Mar 8, 2014

Why Social Security Matters So Much


Anonymous said...

correlation does not equal causation.

Here's another thing that happened in 1935....we began recovering from the great depression.

Other things that have happened. People are now more educated (graduating high school). Factory production grew exponentially. Urbanization.

This chart is just silly.

Anonymous said...

It would be interesting to compare the 2012 figure of 9.1% poverty among the elderly to what the poverty rate would be without Social Security Retirement and SSI benefits. I'm guessing that poverty would no doubt be significantly higher given the charts I have seen about the high percentage of elderly for whom Social Security comprises most if not all of their retirement income.

Anonymous said...

ANON 11:01 -- I agree that the poverty rate would be higher, but a certain (unknown) percentage of the elderly (especially the "younger" elderly -- those closest to retirement age) would likely still be working if Social Security retirement benefits were not an option.

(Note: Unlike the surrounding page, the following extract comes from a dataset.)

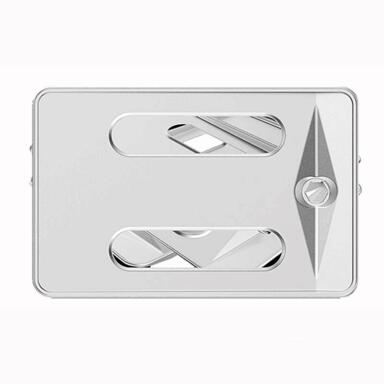 22" Alum Grilling Foil Sheets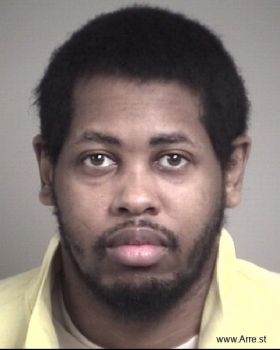 Terrell Tasham Coleman Mugshot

Getting a reliable figure for what elderly poverty would be with Social Security would not be an easy task.

Anonymous said...

If you think it means nothing over that span of time, then look at it this way. Since the start of the current recession, income had dropped for every age group under age 65, sometimes significantly. Income has remained steady for people over 65 since 2007. If that's not a case for Social Security, what is?

Anonymous said...

The right-wingers are funny. Without Social Security, old people would be fine. They'd just keep working until they died! Who could object to that?